Sql-server – Minimizing/avoiding data repetition and choosing between compound keys and unique indexes

database-designsql serversql server 2014unique-constraint

I am absolutely new to database development and i'm trying to build a question bank basically.

The questions have to be categorized based on Class, Subject and Topic.
Since each Class can have many Subjects and each Subject can be in many Classes I made a junction table called tb_SubjectClass with Subject and Class being primary keys.

To uniquely identify any Chapter I would need a combination of Subject and Class so I created tb_Chapters with Chapter, Subject and Class as primary keys with Subject and Class coming from tb_SubjectClass. I then repeated the same thing with tb_Topics as each topic can only be identified with a combination of Subject, Class and Chapter.
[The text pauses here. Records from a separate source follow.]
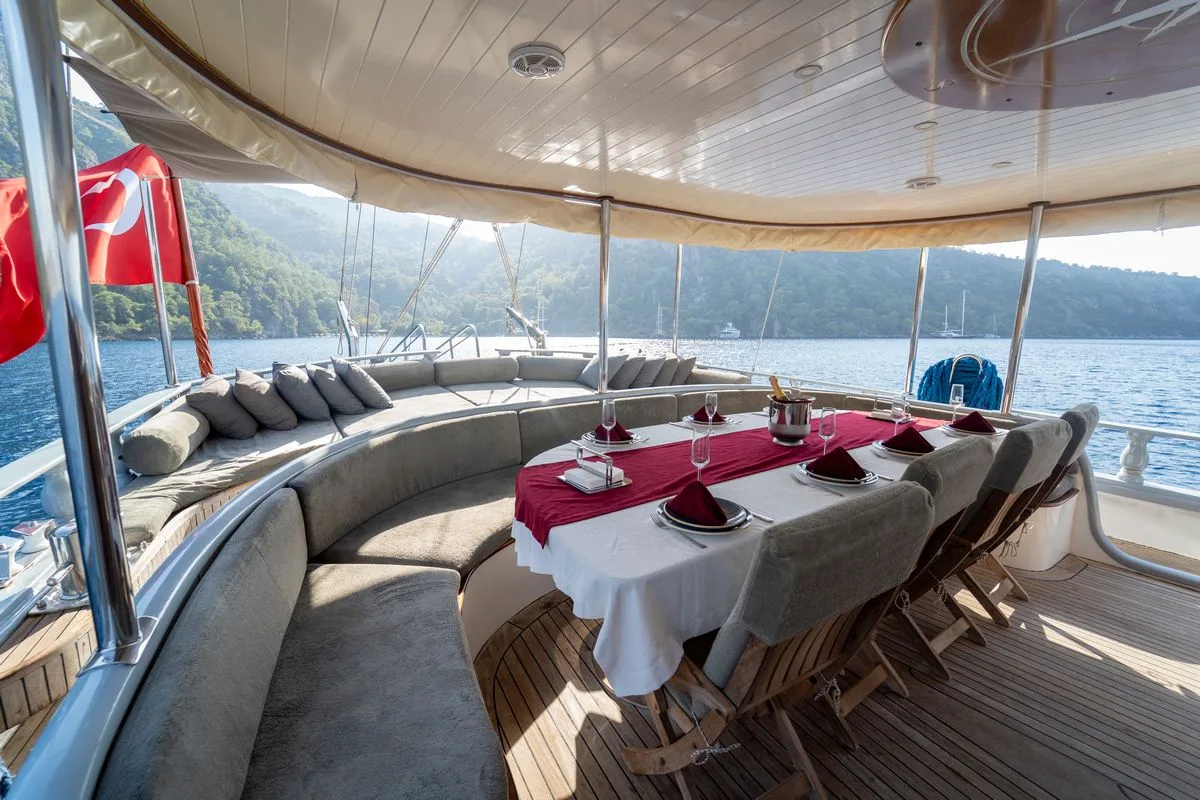 Queen Lila Gulet Küçük Görsel 11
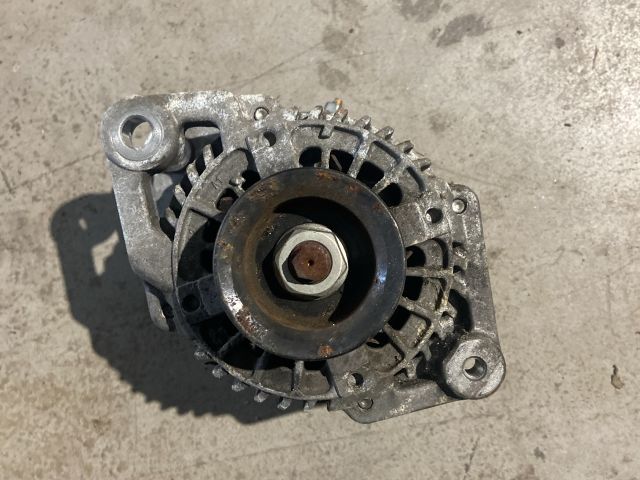 bontott DAIHATSU SIRION Generátor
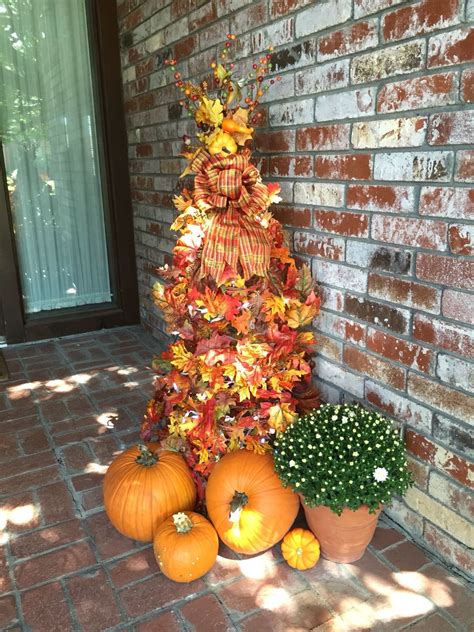 Fall Tree I Made From A Tomato Cage Dyi Fall Decor Fall Front Porch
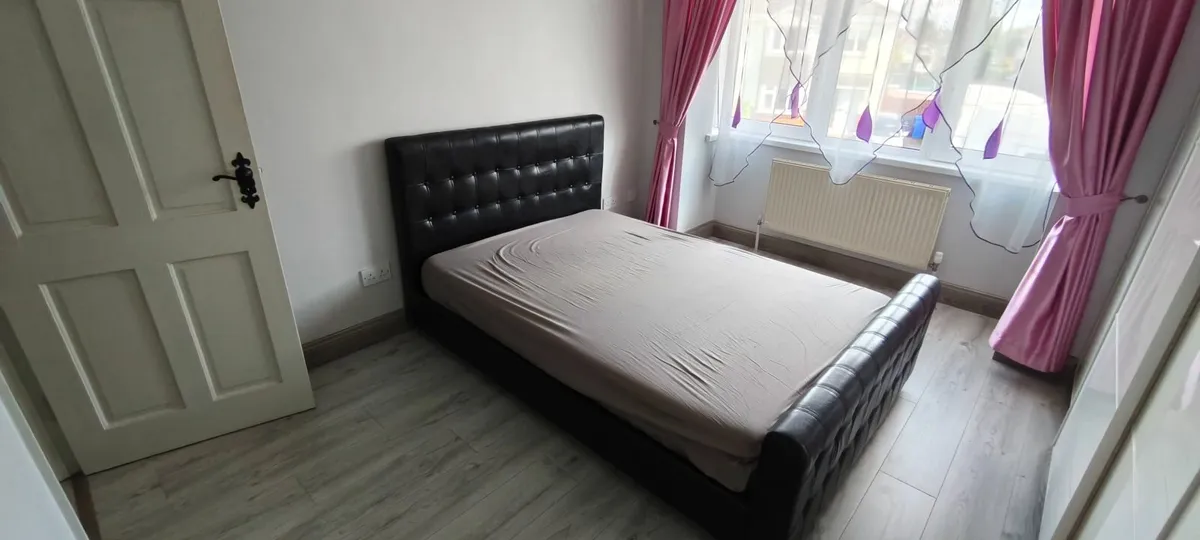 Double bed with memory mattress - Image 1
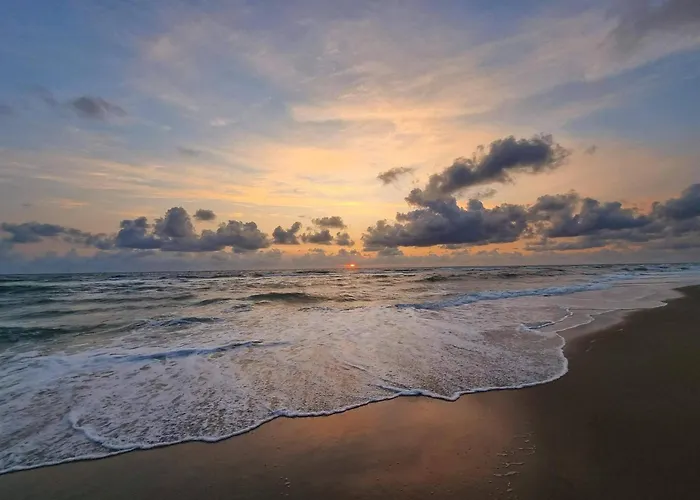 Bright Summerhouse Near Sea - By Traum *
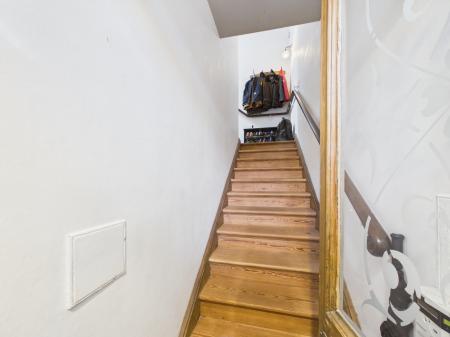 2 bedroom Flat to let in Dudley Grove, Trinity, Edinburgh, EH6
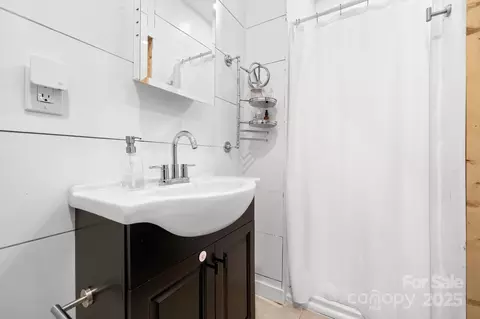 Bath - 258 Roper Rd, Flat Rock, NC 28731 photo 2 of 2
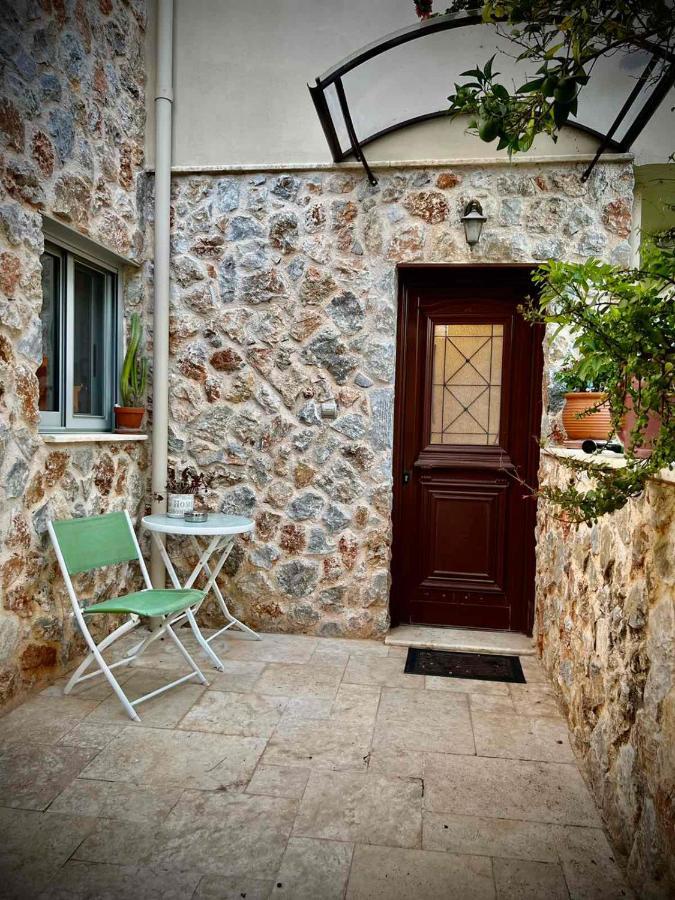 Ένας Ευχάριστος Χώρος Με Πισίνα Villa Pórto Ráfti Екстериор снимка
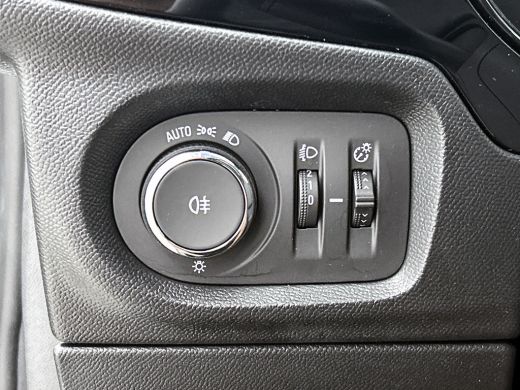 Opel Corsa-e 100KW / 50KWh SOH 98% / Airco-Ecc. / Cruise-ctr. / Apple Carplay Android / Navigatie via Usb / Ap... ActivLease financial lease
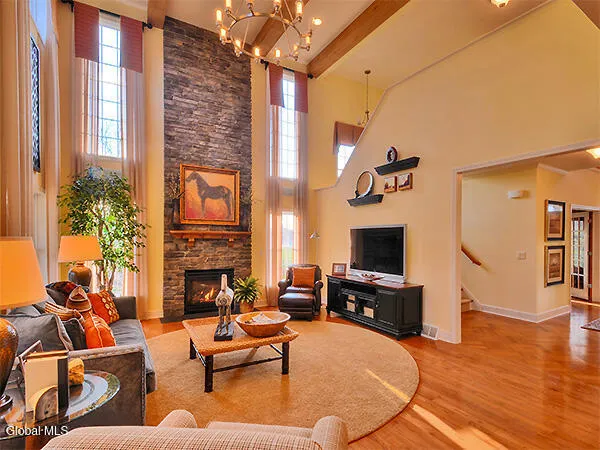 $859,900 | 3 Stone Crk Drive, East Greenbush, NY 12061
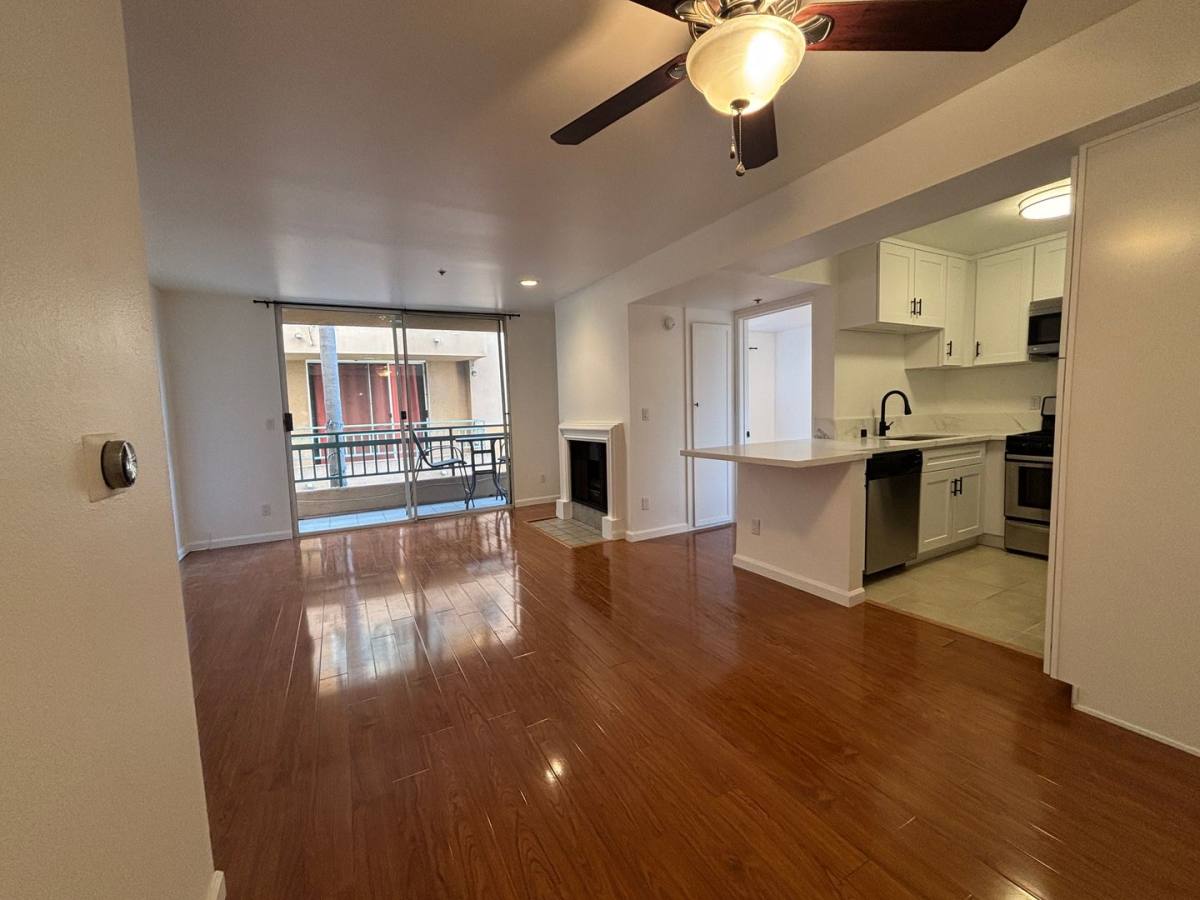 Apartment for rent at 1215 N Sycamore Ave, Los Angeles, CA 90038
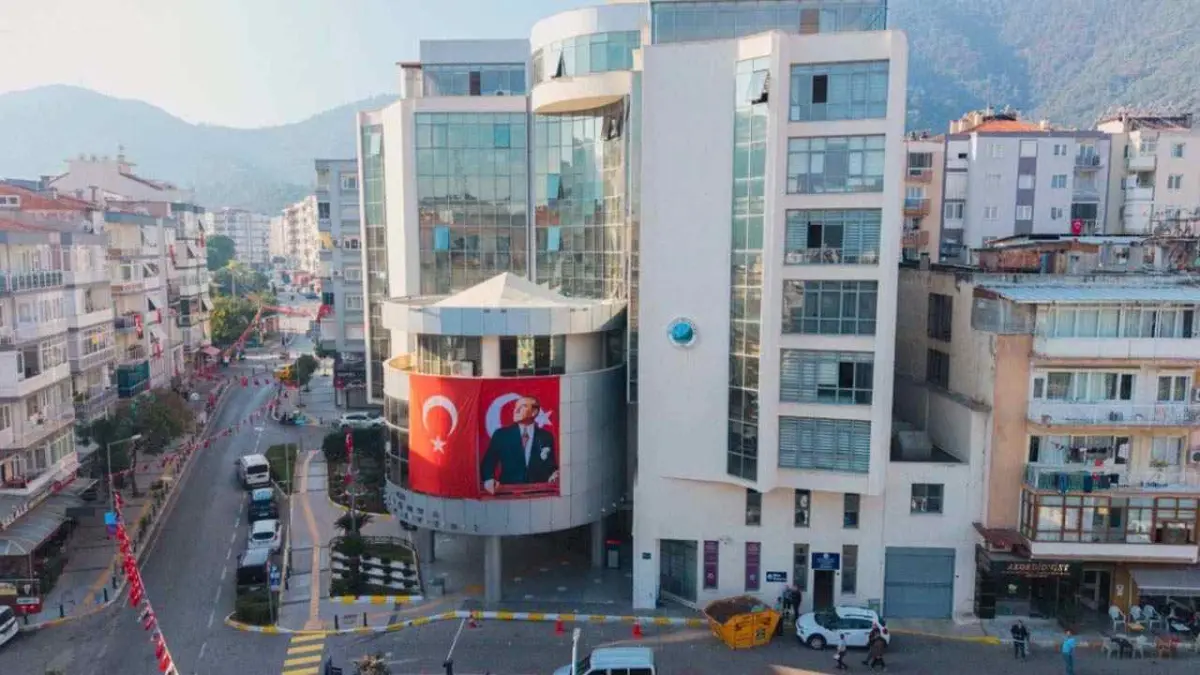 Balçova Belediyesi 2025 yılında 105 bin talebi yanıtladı haberinin görseli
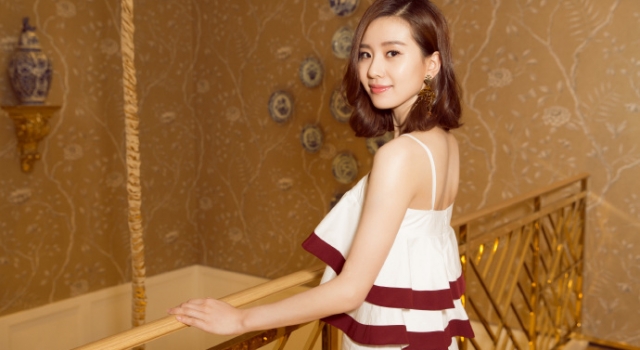 刘诗诗最新美照气质出众 小露香肩温婉迷人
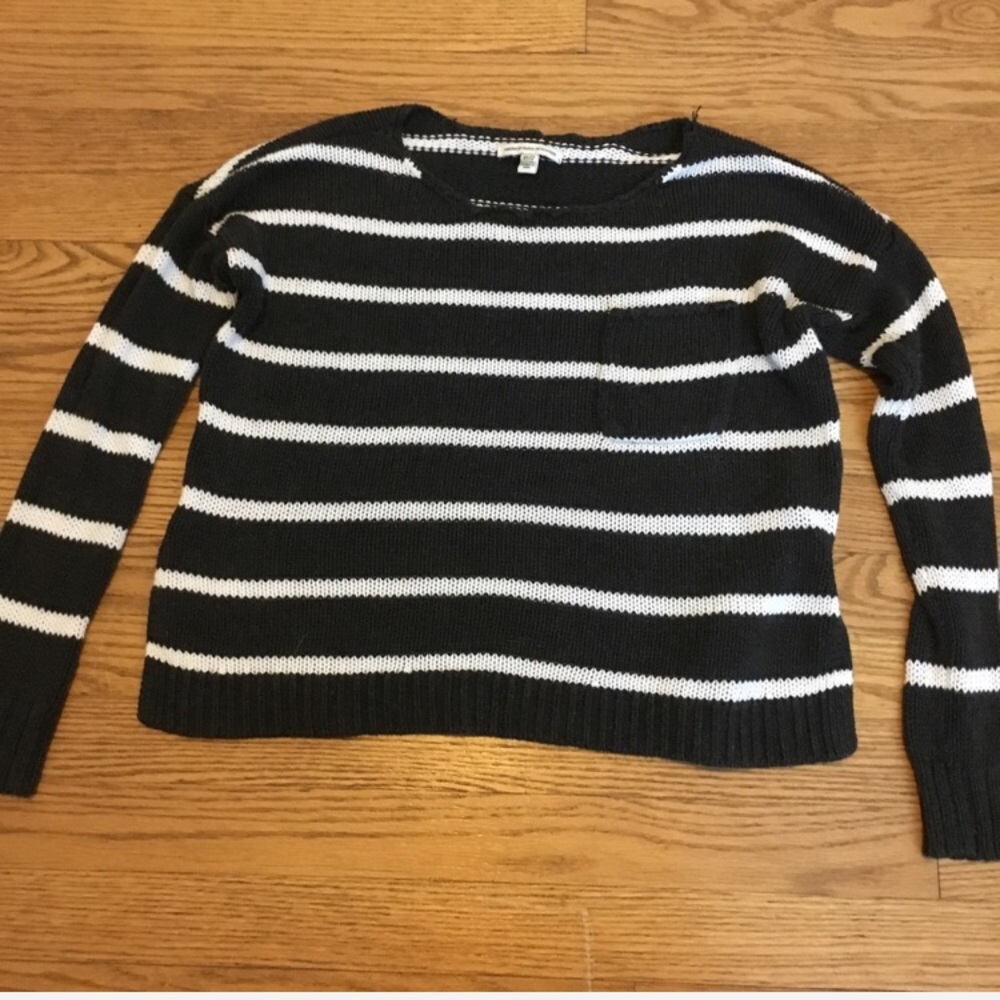 American Eagle gray & white striped knit sweater - Picture 1 of 4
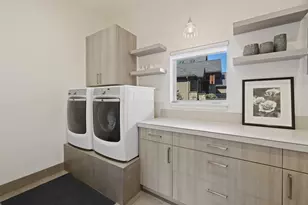 61475 Hackleman Ct, Bend, OR 97702 - Photo 27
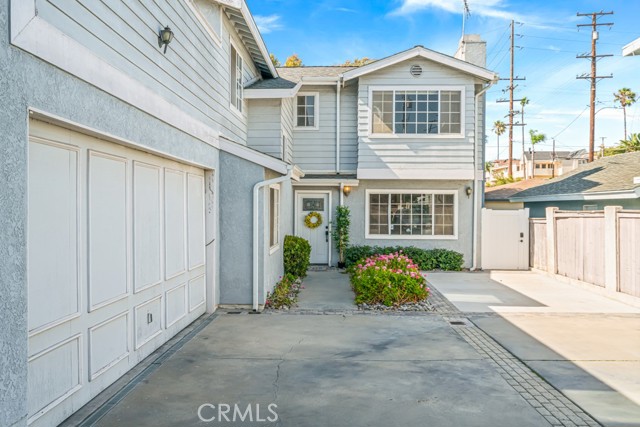 1821 Huntington Lane, Redondo Beach, California 90278, 3 Bedrooms Bedrooms, ,2 BathroomsBathrooms,Residential,Sold,Huntington,SB22171882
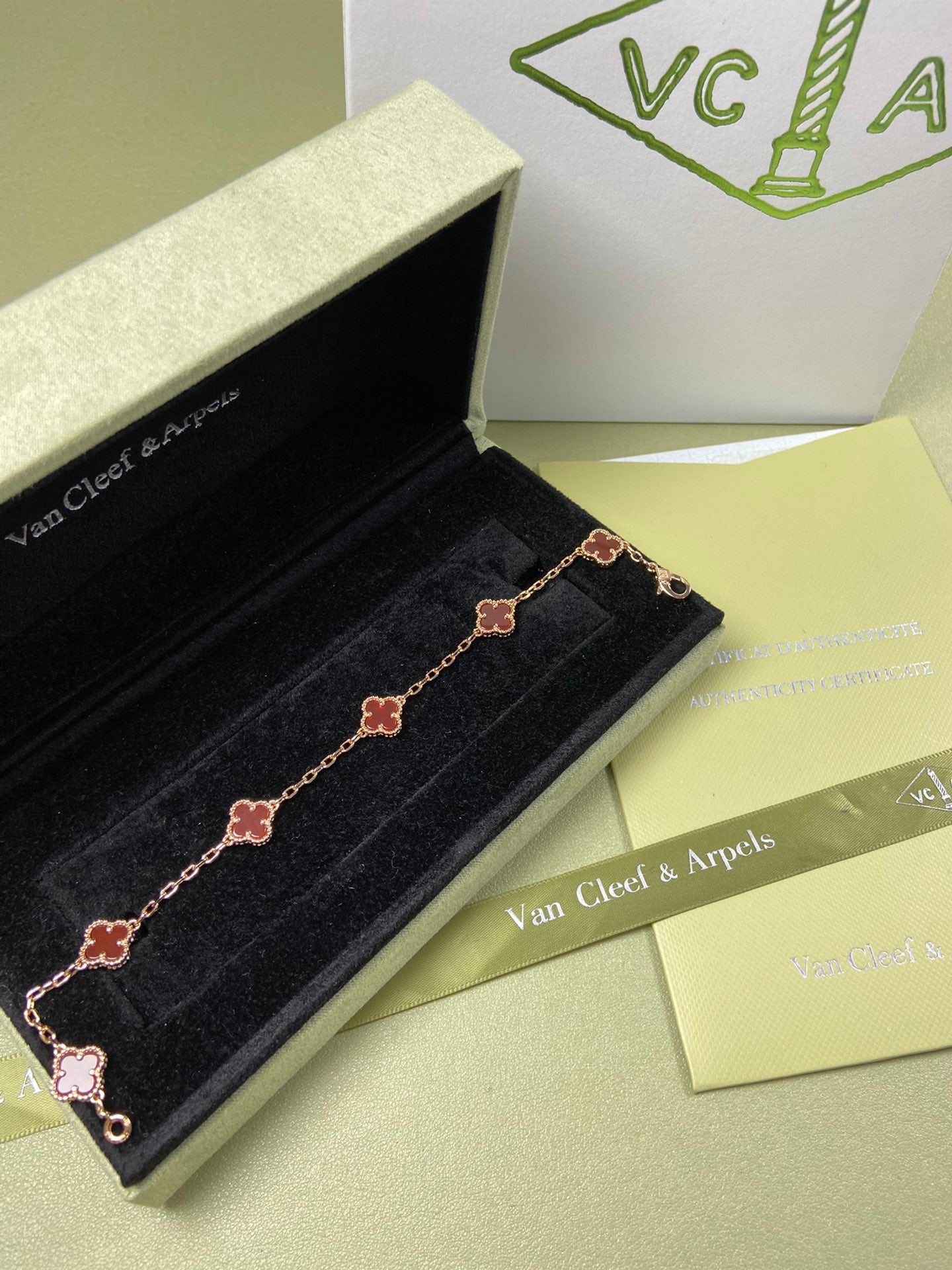 X5X94VA183K  Popular bracelets 6 flowers mini size 0.9cm flower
I have placed the relationship diagram below. It may also be relevant to know that I am expecting around 50000 questions (with equations and diagrams) to be stored in this database.

db relationship

Main question: If I decide to stick to compound/composite keys, is my design proper or can it be improved further ?

Side question: what would be the best approach in my case, with the following considerations in mind:

  • expected records around 50000
  • questions table (tb_QnA) is going to be the most queried table (for selecting and for adding/deleting data)
  • the tables tb_Class, tb_Subjects and tb_SubjectClass are not going to change at all
  • ease of writing queries when connecting the database to a c# winform application (for data entry and generating reports)
  • the project is going to be desktop based

I have mainly been following the Database design tutorial on tekstenuitleg.net and video tutorials by WiseOwlTutorials. I have also recently started reading the book Relational Database Design Clearly Explained by Jan L. Harrington.

Best Answer

Does making foreign keys lead to data duplication / repetition or is it just a reference / pointer to data stored in the parent table ?

Foreign key restricts the possible values in one table's column accordingly to the presence of the same values in another table's column. Values are stored in the both tables so they are duplicated. To avoid (in fact - to reduce) duplications normalization should be used. That's means you have the reference table where all distinct values are stored and all other tables contains only IDs of that values.

Should compound keys be avoided wherever possible ?

No. Even more, compound keys are the only way to speed up the query with complex conditions that involve multiple columns. Compound keys can be avoided by the price of performance.